Song by J. Cole

from the album The Off-Season
- Length: 3:16
- Label: Dreamville; Roc Nation; Interscope;
- Songwriter: Jermaine Cole
- Producers: Boi-1da; Coleman;

Audio video
- "95 South" on YouTube

= 95 South (song) =

2021 song by J. Cole

"95 South" (stylized as "9 5 . s o u t h") is a song written and performed by American rapper J. Cole. It is the opening track of his sixth studio album, The Off-Season, released on May 14, 2021. The song features vocals by American rappers Cam'ron and Lil Jon, the former of which provides narration throughout the song. It was produced by Coleman and Boi-1da.

==Composition==
"95 South" samples Jay-Z's "U Don't Know" (2001), a song featured on The Blueprint, as well as Bobby Byrd's "I'm Not to Blame" (1970). The title is a nod to Interstate 95, which ranges from New York City to Cole's home town Fayetteville, North Carolina. The lyrical content sees the rapper boasting his success, saying how he achieved multiplatinum records since the beginning of his career. He furthermore alluded to other rappers barely doing numbers despite releasing "thirty-song albums". Popular references include the Super Mario Bros., the doughnut company Krispy Kreme, and SpaghettiOs.

==Critical reception==
Varietys Brandon Yu complimented the track for having "a glorious kind of pitbull grandiosity to both its production and to Cole's scoffing cockiness". Yu also noted the contrast between the impression that the albums gives off "that strain of a wiser star" and the opening track denying the listener "any notion of fatherly compassion". J. Bachelor from 92Q praised both Cole's and Cam'ron's presence on the song, saying that while Cam'ron "talks that talk the way only a Harlemite can", "Cole doesn't just fire a warning shot here, he empties the clip". Matthew Strauss at Pitchfork noted the "triumphant beat that echoes the JAY-Z classic "U Don't Know"", as well as "a boisterous Lil Jon & The East Side Boyz sample" at the end of the song.

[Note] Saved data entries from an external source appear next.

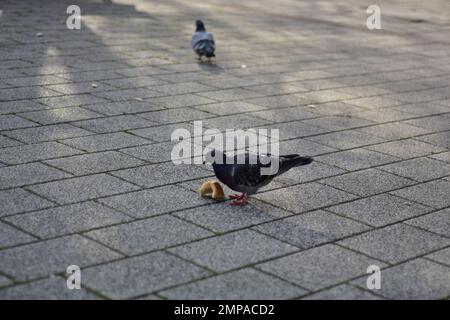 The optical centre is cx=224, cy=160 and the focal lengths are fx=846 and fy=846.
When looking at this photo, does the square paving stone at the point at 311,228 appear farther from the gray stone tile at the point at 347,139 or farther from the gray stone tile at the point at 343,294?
the gray stone tile at the point at 347,139

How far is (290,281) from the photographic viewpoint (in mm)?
4516

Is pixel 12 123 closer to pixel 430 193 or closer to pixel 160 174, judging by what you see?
pixel 160 174

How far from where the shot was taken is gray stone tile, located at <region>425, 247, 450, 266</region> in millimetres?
4957

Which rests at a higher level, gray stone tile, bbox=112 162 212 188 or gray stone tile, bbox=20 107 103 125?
gray stone tile, bbox=20 107 103 125

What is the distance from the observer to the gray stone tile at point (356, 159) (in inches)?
264

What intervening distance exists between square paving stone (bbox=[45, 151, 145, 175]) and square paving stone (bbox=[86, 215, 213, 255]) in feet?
3.59

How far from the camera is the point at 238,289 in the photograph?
4.37 meters

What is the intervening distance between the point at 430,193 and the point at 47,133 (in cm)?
316

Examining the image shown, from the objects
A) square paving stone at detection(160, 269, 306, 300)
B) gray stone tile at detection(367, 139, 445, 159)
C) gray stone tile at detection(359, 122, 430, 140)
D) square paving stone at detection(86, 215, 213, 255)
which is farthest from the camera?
gray stone tile at detection(359, 122, 430, 140)

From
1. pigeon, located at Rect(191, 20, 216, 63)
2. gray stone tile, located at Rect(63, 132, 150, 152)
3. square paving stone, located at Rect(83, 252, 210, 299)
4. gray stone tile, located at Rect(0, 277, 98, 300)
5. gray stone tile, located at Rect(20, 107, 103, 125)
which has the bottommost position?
square paving stone, located at Rect(83, 252, 210, 299)

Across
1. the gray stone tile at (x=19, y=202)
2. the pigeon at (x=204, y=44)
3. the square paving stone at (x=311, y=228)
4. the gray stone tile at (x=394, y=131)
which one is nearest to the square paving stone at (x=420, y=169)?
the gray stone tile at (x=394, y=131)

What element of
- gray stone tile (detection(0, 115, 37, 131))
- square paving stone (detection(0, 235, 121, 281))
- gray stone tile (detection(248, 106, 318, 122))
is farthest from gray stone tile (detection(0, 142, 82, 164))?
gray stone tile (detection(248, 106, 318, 122))

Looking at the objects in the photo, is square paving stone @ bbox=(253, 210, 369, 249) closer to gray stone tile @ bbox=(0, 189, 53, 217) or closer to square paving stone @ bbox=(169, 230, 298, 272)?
square paving stone @ bbox=(169, 230, 298, 272) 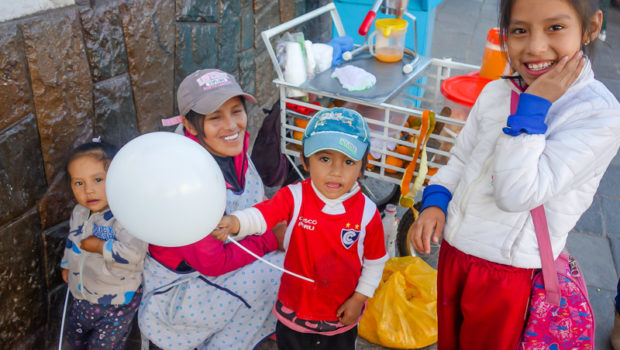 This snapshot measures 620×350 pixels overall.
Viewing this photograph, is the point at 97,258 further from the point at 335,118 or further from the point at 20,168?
the point at 335,118

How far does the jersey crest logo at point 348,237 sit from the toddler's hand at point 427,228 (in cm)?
24

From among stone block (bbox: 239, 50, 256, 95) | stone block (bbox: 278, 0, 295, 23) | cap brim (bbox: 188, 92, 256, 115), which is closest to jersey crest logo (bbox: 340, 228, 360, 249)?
cap brim (bbox: 188, 92, 256, 115)

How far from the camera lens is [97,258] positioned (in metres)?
2.07

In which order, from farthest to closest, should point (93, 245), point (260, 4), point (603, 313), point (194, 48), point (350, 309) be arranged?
point (260, 4) → point (194, 48) → point (603, 313) → point (93, 245) → point (350, 309)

According to Carl Lammare of Billboard, "Cam's unexpected guest slot is a perfect way to kick off the 12-track collection". He further praised his guest appearance, saying how his "pseudo hype-man certainly gives the project a nice jolt, as he entertains fans with his trash-talking ways". Lamarre further suggested Cam to appear in more interludes. Jacob DeLawrence at Consequence opined that the song felt like a clearer start to the album than any of his previous openers, saying that "it's clear that we're getting a different J. Cole". Clash said the song "is a wake-up call for those that may need a reminder that Jermaine's pen and paper is lethal and have been for a long time. Drawing comparison to artists that release bloated albums for streams, Cole reiterates that he outsells with much less content proving once more that quality > quantity."

==Charts==

Chart performance for "95 South"
| Chart (2021) | Peak position |
|---|---|
| Australia (ARIA) | 22 |
| Canada Hot 100 (Billboard) | 13 |
| Global 200 (Billboard) | 11 |
| New Zealand Hot Singles (RMNZ) | 5 |
| Portugal (AFP) | 33 |
| Sweden (Sverigetopplistan) | 94 |
| UK Hip Hop/R&B (Official Charts) | 10 |
| US Billboard Hot 100 | 8 |
| US Hot R&B/Hip-Hop Songs (Billboard) | 6 |

==Certifications==

| Region | Certification | Certified units/sales |
| United States (RIAA) | Platinum | 1,000,000^{‡} |
^{‡} Sales+streaming figures based on certification alone.